Let’s be thankful we have sport to escape our country’s bleak reality
Letters to the editor: our readers share their views. Please send your letters to letters@independent.co.uk
Jess Phillips is right: it is so disheartening to come down to earth with such a resounding bump after the great and energising Commonwealth Games and, of course, the fabulous Lionesses. But my word, do we need these great sporting escapes from our beleaguered everyday reality.
Pity we can’t escape this torturous leadership contest, with such polarised views being expounded at length by the two candidates. She is so right: how did we become so accustomed to the idea of food banks, which are so necessary to so many people? We have several more weeks of this political grandstanding, but what’s the betting it will then become government business as usual and disillusionment will set in, even with the Conservative members, who hold their loyalty placards with such hope over actual experience, I should imagine.
Judith A Daniels
Norfolk
This is a climate emergency
We are in a climate change crisis. Instead of promising tax cuts and cash handouts to “solve” the energy price hikes, this is the opportunity for our democratically elected government to put in place measures to address the climate crisis and potentially prevent such occurrences happening in the future.
Alan Barratt
Bristol
Why haven’t we banned flares?
So much of today’s Independent is about the weather, which reflects the disastrous cost of living situation. The temperature is too high, the water situation is not being managed properly, workers are striking with frustration, there is a drought in half of England, with many hosepipe bans.
We have to use some power to cook and eat at home, some power to travel and yet, in all sporting events, it is fashionable to blast flares into the air, flames of 20 feet or more.
The flares burn propane and put three times the weight of the propane into the atmosphere as carbon dioxide. Any pollution that can be avoided should be avoided. Flares should be banned.
Every small amount matters: probably only responsible for one house in California catching fire, maybe an extra acre of land ruined by drought in Australia, a few extra houses flooded in this country.
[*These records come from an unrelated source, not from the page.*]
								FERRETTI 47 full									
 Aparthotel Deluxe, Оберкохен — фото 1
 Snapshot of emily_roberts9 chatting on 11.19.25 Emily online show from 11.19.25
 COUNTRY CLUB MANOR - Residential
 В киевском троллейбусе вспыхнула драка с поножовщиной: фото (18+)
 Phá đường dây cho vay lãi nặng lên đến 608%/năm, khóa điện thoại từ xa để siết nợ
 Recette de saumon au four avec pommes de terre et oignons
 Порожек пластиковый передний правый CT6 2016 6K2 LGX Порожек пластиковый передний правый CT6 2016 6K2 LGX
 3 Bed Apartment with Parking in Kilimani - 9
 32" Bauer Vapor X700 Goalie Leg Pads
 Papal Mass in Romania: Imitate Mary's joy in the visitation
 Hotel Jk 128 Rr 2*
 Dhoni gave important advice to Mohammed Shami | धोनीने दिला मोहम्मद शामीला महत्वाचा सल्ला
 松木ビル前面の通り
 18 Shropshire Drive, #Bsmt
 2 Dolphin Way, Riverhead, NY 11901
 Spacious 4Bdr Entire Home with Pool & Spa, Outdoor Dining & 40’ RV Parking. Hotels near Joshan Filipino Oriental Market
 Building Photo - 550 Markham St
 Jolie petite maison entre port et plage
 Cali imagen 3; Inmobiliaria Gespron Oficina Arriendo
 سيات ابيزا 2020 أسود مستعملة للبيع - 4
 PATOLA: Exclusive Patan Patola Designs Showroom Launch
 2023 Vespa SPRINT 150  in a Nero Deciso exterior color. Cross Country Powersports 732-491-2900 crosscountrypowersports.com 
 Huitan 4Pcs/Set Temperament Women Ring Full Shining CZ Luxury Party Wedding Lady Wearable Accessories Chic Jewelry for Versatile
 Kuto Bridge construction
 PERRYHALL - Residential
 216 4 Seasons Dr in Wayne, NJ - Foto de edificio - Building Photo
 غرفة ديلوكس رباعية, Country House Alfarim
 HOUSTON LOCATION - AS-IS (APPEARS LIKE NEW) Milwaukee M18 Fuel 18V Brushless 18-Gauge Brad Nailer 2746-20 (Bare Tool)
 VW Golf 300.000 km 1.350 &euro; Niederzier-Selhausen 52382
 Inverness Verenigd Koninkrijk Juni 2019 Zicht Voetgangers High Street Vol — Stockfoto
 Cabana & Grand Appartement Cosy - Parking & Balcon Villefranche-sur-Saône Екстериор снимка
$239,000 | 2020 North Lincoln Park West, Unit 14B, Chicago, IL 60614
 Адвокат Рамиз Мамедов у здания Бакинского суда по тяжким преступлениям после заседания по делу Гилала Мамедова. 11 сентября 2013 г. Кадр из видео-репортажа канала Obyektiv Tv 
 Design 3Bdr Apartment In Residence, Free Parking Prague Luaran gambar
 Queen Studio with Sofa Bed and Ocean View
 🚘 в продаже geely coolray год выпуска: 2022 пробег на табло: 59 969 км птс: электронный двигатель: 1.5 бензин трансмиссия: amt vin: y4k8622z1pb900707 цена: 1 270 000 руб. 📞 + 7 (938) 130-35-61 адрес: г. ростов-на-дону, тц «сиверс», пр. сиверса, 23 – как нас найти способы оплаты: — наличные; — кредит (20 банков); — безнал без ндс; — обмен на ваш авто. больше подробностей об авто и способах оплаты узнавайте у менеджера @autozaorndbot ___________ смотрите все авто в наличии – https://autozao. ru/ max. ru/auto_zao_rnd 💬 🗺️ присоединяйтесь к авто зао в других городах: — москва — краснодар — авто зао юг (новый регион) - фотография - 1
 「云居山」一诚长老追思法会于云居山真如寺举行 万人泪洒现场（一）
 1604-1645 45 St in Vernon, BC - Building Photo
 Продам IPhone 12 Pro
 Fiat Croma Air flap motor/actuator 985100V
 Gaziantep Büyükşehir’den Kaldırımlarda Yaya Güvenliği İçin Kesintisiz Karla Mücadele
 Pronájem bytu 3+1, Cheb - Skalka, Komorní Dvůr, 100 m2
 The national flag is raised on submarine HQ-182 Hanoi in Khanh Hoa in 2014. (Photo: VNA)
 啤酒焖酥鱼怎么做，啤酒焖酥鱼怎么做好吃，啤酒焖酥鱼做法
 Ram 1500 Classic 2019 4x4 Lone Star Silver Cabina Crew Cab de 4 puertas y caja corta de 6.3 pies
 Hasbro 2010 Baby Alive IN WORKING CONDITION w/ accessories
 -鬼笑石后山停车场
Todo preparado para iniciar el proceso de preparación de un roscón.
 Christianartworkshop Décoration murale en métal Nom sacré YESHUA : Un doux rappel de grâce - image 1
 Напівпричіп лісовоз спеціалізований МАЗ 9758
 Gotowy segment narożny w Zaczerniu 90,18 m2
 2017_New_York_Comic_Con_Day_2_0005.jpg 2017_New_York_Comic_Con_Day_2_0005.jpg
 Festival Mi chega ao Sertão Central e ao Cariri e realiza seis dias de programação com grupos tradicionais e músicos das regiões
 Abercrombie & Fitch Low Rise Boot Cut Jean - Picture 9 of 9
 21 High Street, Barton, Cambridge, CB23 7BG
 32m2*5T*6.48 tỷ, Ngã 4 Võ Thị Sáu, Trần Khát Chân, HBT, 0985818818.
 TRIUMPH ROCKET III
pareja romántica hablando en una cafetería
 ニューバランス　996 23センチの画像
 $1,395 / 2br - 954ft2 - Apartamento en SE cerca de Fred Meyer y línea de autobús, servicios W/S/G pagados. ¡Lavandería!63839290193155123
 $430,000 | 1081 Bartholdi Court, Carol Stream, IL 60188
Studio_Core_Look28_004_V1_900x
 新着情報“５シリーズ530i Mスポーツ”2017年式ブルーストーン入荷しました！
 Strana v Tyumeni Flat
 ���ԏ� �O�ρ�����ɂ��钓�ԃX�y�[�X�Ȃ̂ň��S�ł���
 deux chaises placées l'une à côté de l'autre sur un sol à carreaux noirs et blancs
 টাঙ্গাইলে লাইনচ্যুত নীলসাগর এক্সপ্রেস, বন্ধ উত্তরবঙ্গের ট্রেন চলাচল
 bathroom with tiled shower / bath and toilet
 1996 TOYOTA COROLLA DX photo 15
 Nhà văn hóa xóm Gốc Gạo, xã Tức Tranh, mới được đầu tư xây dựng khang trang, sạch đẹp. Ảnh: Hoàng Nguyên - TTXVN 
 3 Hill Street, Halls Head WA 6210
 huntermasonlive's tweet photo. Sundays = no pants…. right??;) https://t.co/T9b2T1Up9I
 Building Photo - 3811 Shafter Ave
Organisers should donate a small amount to a charity instead of using flares. Something that can be used to proudly promote the organiser rather than them being labelled as a climate destroyer.
Robert Murray
Nottingham
Dethroned by his own people
As Johnson preens his air-brushed, blow-dried image and looks for further ways to act as an overpaid irritant, let’s not forget why he has left office.
It was not because he failed to deliver on his promises, oversaw incompetence in most government departments, constantly distorted the truth when called to account for his actions, lacked moral leadership and treated the public with disdain. It was because the parliamentary party decided that he was becoming unelectable.
The same MPs gave him a standing ovation after his final PMQs and are complicit now, alongside the Tory press, in rehabilitating a man who should be hanging his head in shame.
Just like the Republican Party in its sanitising of the execrable Trump, it is hard to know who is more to be despised: the Conservative Party or he who would still be “king of the world”.
Graham Powell
Cirencester
Water disaster
It shouldn’t take environment secretary George Eustice making an approach to water company executives to bring home to them that there is, and has been for some time, a cataclysmic situation pending.
Unfortunately, the top people managing the water companies, on their obscene salaries with eye-watering bonuses, are so taken up with profits and share values they have neither interest nor understanding of their many millions of consumers’ needs.
A quick glance at the backgrounds of these people shows the vast majority are financial specialists of one kind or another. Civil engineers, the people who designed and then brought about construction of all the infrastructure – and then maintained it until the big companies took over in 1989 – are about as rare as hens’ teeth.